What Makes Humans Unique? (II): Six Candidates for What Makes Human Cognition Uniquely Human

ResearchBlogging.orgWhat makes humans unique? This never-ending debate has sparked a long list of proposals and counter-arguments and, to quote from a recent article on this topic,

“a similar fate  most likely awaits some of the claims presented here. However such demarcations  simply  have  to  be  drawn  once  and  again.  They  focus  our  attention, make us wonder, and direct and stimulate research, exactly because they provoke and challenge other researchers to take up the glove and prove us wrong.” (Høgh-Olesen 2010: 60)

In this post, I’ll focus on six candidates that might play a part in constituting what makes human cognition unique, though there are countless others (see, for example, here).

One of the key candidates for what makes human cognition unique is of course language and symbolic thought. We are “the articulate mammal” (Aitchison 1998) and an “animal symbolicum” (Cassirer 2006: 31). And if one defining feature truly fits our nature, it is that we are the “symbolic species” (Deacon 1998). But as evolutionary anthropologists Michael Tomasello and his colleagues argue,

“saying that only humans have language is like saying that only humans build skyscrapers, when the fact is that only humans (among primates) build freestanding shelters at all” (Tomasello et al. 2005: 690).

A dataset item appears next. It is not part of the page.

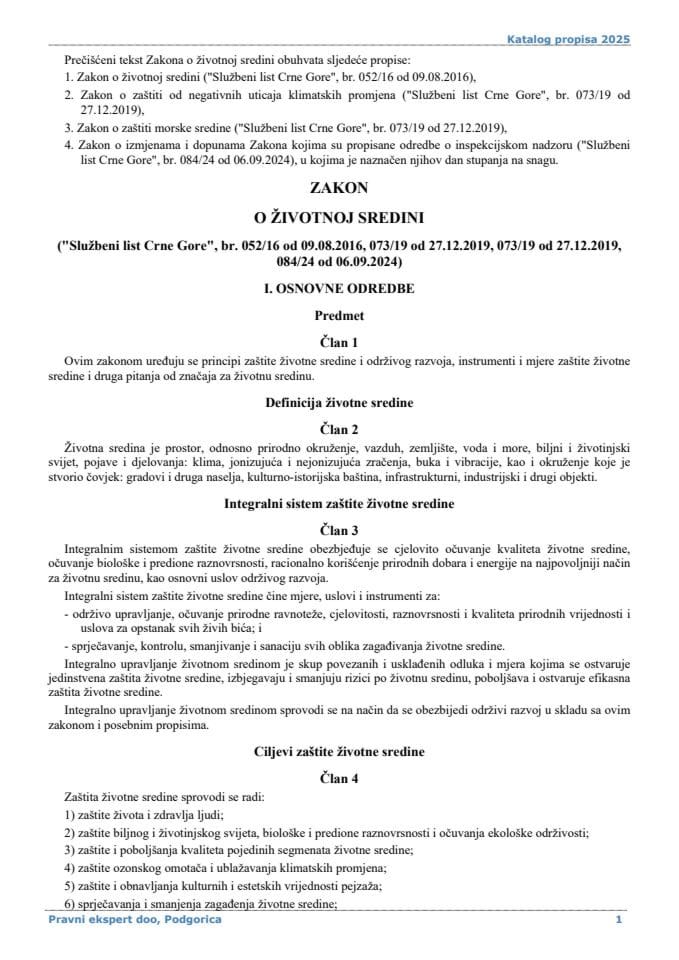 Zakon o zivotnoj sredini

Language and Social Cognition

According to Tomasello and many other researchers, language and symbolic behaviour, although they certainly are crucial features of human cognition, are derived from human beings’ unique capacities in the social domain. As Willard van Orman Quine pointed out, language is essential a “social art” (Quine 1960: ix). Specifically, it builds on the foundations of infants’ capacities for joint attention, intention-reading, and cultural learning (Tomasello 2003: 58). Linguistic communication, on this view, is essentially a form of joint action rooted in common ground between speaker and hearer (Clark 1996: 3 & 12), in which they make “mutually manifest” relevant changes in their cognitive environment (Sperber & Wilson 1995). This is the precondition for the establishment and (co-)construction of symbolic spaces of meaning and shared perspectives (Graumann 2002, Verhagen 2007: 53f.). These abilities, then, had to evolve prior to language, however great language’s effect on cognition may be in general (Carruthers 2002), and if we look for the origins and defining features of human uniqueness we should probably look in the social domain first.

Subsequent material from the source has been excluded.